Diez segundos para apagar el despertador. Quince minutos para abrir un ojo y media milésima de segundo para abrir el otro. Treinta segundos para encontrar las pantuflas. Quince minutos, cuarenta segundos, media milésima de segundo.
Quince segundos para caminar hasta el baño. Cinco segundos para abrir la ducha. Veinte segundos para desvestirse. Cinco segundos para entrar a la bañadera y mojarse. Cuarenta y cinco segundos.

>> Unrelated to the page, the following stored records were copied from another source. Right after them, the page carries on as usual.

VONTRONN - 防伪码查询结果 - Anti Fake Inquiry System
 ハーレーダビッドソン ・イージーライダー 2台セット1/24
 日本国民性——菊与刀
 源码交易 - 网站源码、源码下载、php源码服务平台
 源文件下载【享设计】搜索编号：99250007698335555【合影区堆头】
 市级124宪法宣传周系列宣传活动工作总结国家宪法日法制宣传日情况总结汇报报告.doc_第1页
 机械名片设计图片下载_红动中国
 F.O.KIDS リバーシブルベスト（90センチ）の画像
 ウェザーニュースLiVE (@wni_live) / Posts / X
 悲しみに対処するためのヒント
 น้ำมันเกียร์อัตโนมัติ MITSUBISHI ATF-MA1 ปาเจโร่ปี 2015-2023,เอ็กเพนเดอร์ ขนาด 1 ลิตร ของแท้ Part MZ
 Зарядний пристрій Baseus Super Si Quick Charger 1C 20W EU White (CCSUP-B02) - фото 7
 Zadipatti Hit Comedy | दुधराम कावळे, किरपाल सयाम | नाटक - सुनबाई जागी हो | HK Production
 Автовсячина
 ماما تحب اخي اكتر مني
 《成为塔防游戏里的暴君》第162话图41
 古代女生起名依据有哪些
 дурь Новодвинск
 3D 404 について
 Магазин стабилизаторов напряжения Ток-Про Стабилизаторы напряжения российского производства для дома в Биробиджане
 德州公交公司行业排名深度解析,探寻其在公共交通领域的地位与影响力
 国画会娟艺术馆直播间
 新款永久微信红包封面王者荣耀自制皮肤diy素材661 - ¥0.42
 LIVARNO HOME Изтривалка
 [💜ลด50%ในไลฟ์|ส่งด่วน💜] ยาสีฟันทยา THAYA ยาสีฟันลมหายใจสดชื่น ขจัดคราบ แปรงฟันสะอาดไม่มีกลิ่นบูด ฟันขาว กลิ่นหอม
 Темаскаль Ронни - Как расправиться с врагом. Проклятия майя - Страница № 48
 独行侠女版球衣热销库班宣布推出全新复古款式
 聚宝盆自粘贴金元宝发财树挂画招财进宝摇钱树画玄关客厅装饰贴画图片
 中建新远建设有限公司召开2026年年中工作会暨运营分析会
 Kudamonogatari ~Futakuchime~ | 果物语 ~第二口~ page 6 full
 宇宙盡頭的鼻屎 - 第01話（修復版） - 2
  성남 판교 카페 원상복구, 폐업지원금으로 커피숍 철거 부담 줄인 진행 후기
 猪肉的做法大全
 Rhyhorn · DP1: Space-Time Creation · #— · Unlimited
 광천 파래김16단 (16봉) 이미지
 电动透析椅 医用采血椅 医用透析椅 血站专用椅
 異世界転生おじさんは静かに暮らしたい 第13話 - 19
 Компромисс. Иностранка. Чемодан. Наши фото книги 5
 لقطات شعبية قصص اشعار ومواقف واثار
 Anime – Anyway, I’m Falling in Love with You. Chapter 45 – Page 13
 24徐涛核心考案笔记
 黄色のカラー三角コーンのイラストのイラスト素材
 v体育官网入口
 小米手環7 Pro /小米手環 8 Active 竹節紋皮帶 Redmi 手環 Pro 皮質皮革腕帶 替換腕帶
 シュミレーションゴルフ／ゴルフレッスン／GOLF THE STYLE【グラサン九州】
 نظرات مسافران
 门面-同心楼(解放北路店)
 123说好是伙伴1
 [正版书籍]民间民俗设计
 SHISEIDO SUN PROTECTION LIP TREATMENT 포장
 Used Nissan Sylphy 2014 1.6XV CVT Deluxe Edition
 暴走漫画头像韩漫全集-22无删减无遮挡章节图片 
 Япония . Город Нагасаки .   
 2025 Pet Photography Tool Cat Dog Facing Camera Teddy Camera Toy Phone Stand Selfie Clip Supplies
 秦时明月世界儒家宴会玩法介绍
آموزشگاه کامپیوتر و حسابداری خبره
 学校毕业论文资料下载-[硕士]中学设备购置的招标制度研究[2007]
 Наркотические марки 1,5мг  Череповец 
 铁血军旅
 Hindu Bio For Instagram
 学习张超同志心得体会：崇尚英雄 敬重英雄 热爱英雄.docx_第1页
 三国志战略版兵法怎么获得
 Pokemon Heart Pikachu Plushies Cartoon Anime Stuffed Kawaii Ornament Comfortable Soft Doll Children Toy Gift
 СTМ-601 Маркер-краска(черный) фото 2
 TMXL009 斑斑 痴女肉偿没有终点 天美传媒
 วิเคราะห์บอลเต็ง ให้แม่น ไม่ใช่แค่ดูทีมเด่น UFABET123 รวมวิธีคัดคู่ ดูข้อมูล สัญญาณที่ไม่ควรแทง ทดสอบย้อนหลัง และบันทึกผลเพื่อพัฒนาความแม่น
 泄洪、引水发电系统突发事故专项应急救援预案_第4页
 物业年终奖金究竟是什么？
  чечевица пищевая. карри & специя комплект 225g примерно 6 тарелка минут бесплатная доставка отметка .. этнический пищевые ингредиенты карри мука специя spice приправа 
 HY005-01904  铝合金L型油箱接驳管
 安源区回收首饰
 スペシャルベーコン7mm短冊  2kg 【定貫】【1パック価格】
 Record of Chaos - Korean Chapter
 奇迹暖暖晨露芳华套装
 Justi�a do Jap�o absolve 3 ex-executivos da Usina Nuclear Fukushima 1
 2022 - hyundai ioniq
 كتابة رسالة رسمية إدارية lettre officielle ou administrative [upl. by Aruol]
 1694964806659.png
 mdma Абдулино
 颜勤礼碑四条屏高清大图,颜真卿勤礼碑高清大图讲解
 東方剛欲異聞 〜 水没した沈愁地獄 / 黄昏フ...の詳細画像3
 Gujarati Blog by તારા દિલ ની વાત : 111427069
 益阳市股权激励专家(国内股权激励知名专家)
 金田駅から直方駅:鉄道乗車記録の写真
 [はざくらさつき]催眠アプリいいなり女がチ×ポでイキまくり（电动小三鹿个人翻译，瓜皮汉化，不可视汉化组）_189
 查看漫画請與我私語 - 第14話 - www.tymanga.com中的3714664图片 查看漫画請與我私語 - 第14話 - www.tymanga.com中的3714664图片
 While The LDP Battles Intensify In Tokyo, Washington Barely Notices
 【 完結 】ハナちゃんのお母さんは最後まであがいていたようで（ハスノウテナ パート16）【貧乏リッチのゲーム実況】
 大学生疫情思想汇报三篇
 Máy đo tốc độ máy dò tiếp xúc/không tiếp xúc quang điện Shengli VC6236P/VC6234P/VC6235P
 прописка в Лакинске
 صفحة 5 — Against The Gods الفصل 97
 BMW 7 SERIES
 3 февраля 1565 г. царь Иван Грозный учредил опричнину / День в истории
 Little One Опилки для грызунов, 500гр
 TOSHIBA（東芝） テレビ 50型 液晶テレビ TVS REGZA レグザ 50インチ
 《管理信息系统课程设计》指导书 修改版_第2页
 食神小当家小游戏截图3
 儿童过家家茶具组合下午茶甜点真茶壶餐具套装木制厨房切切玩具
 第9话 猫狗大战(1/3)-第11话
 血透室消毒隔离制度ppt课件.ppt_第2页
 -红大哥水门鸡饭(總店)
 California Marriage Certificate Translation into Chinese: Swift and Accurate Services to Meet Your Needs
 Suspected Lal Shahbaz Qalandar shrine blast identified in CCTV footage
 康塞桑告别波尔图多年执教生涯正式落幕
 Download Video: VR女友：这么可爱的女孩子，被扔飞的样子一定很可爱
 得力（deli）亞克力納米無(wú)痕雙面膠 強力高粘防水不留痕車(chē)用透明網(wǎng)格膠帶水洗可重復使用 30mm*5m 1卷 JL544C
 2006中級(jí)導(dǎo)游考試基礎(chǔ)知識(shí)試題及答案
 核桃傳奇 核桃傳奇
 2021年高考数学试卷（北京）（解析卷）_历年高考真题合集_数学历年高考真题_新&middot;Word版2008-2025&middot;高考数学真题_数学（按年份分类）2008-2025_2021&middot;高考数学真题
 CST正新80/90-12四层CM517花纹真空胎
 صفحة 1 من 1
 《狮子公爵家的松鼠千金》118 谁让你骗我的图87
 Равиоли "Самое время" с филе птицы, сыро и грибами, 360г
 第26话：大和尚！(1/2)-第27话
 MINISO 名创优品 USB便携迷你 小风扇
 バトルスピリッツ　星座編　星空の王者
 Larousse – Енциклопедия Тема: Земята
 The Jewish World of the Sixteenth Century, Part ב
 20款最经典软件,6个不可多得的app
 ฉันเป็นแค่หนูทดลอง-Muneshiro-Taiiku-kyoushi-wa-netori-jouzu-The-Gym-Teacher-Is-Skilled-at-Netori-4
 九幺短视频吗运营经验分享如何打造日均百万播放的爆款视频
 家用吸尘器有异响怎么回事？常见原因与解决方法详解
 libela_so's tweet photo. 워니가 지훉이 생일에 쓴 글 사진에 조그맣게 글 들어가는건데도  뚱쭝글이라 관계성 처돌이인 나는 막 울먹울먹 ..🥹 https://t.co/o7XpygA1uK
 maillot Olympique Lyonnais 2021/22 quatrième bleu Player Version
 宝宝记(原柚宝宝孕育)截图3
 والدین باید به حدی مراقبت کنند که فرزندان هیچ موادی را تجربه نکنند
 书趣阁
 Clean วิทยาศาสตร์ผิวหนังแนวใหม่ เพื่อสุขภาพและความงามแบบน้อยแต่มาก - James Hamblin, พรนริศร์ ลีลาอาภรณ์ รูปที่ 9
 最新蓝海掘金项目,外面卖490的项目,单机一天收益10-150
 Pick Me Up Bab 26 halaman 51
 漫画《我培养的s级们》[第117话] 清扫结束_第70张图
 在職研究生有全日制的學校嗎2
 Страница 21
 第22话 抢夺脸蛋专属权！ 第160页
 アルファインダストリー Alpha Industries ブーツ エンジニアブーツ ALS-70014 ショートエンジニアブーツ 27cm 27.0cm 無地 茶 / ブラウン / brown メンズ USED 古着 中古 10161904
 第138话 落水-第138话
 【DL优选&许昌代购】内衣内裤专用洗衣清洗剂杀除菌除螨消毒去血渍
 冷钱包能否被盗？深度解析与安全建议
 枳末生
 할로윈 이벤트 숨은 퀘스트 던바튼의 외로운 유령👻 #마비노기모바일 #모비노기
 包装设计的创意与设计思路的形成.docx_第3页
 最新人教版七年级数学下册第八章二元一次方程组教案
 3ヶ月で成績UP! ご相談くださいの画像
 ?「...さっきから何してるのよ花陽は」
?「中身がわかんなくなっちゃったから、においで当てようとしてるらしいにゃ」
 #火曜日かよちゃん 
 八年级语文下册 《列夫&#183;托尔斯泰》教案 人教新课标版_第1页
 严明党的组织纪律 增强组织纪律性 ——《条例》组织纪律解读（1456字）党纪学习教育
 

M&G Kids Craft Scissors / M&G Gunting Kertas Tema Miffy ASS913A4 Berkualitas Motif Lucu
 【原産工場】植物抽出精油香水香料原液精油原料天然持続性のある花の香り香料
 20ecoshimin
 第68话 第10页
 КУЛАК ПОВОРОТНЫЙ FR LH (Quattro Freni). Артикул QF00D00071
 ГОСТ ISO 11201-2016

Dos segundos para disfrutar del baño (los buenos momentos siempre son más cortos). Dos minutos para secarse. Diez minutos para afeitarse. Diez segundos para colocarse desodorante. Cuarenta segundos para peinarse. Doce minutos, cincuenta y dos segundos.
Diez segundos para caminar hasta el placard. Dos segundos para abrir el placard. Dos minutos para elegir la vestimenta adecuada. Tres minutos para vestirse. Cinco minutos, doce segundos.
Trece segundos para dirigirse a la cocina. Diez minutos para preparar café. Dos segundos para disfrutar del café (lo mismo que pasa con el baño). Un largo rato para pensar en la soledad y sus beneficios. Un largo rato, diez minutos, quince segundos.
Quince minutos para encontrar las llaves del auto. Un minuto para tomar lo necesario y salir corriendo. Cinco segundos para cerrar la puerta de casa, voltear y mirar hacia adelante. Dieciséis minutos, cinco segundos.
Tres décimas de instante para descubrir tus ojos oscuros mirándome fijo. Un cuarto de instante para querer salir corriendo. Medio instante para darme cuenta de que no existo sin vos. Un instante para tomarte en mis brazos. Toda una eternidad para no separarme de tu lado…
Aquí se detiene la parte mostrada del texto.